Hint: We will have to solve for $x$ simply by solving the above equation, not just as an equation but with keeping inequality in mind, i.e., the addition or subtraction of variables and constants on both sides rather than simply transposing them. Then the inequality is quadratic in one variable, we will factorize the terms and find the value of $x$.

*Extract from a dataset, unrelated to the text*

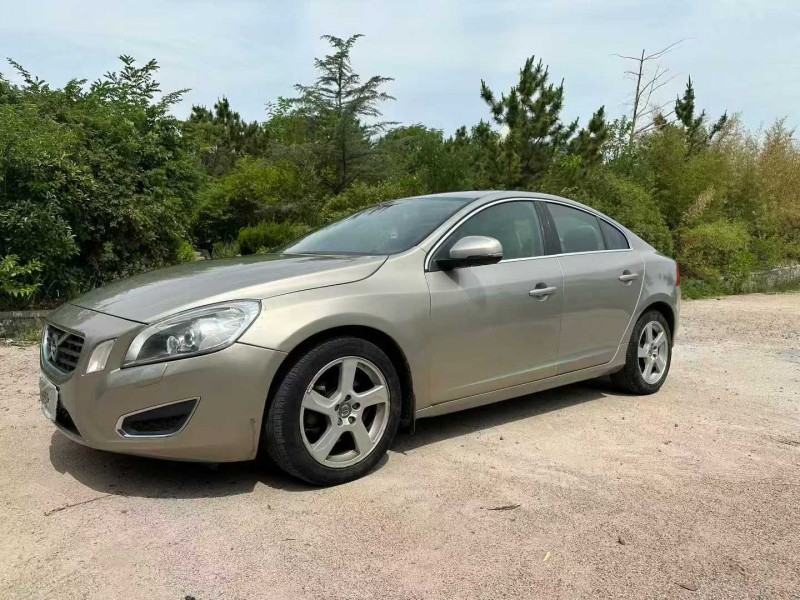 青岛12年沃尔沃S60L4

Complete step-by-step answer:
We have been given inequality $9{x^2} + 3x - 2 \ge 0$.
The steps to solving quadratic inequalities,
1. Factorize the quadratic equation by putting $a{x^2} + bx + c = 0$.
2. Determine the critical values i.e., values at which the expression becomes zero.
3. Plot these critical values and assign signs using the wavy curve method.
4. Plot a rough sketch or graph.
Now, factor the equation on the left side,
$ \Rightarrow 9{x^2} - 3x + 6x - 2 \ge 0$
Factor out 3x from the first group and 2 from the second group,
$ \Rightarrow 3x\left( {3x - 1} \right) + 2\left( {3x - 1} \right) \ge 0$
Now factor out $\left( {3x - 1} \right)$ from both groups,
$ \Rightarrow \left( {3x - 1} \right)\left( {3x + 2} \right) \ge 0$
As we know that, if $\left( {x - a} \right)\left( {x - b} \right) \ge 0$ and $a < b$. Then, $x \le a$ or $x \ge b$. So,
$ \Rightarrow 3x - 1 \ge 0$ and $3x + 2 \le 0$
Move the constant on the right side,
$ \Rightarrow 3x \ge 1$ and $3x \le - 2$
Divide both terms by 2,
$ \Rightarrow x \ge \dfrac{1}{3}$ and $x \le - \dfrac{2}{3}$

Hence, we can say that the value of real $x$ with given inequality is $x \in \left( { - \infty , - \dfrac{2}{3}} \right] \cup \left[ {\dfrac{1}{3},\infty } \right)$.

Note:
The students are likely to make mistakes in questions when finding the roots for > sign.
E.g.,
If $\left( {x - 2} \right)\left( {x - 5} \right) < 0$, then $2 < x < 5$.
If $\left( {x - 2} \right)\left( {x - 6} \right) > 0$, then $x < 2$ and $x > 6$.
Also, keep in mind the number of factors will never exceed the highest power of the polynomial. Also, students can always check the factors are correct or not by substituting the values in the polynomial, the polynomial turns out to be zero when we substitute the values.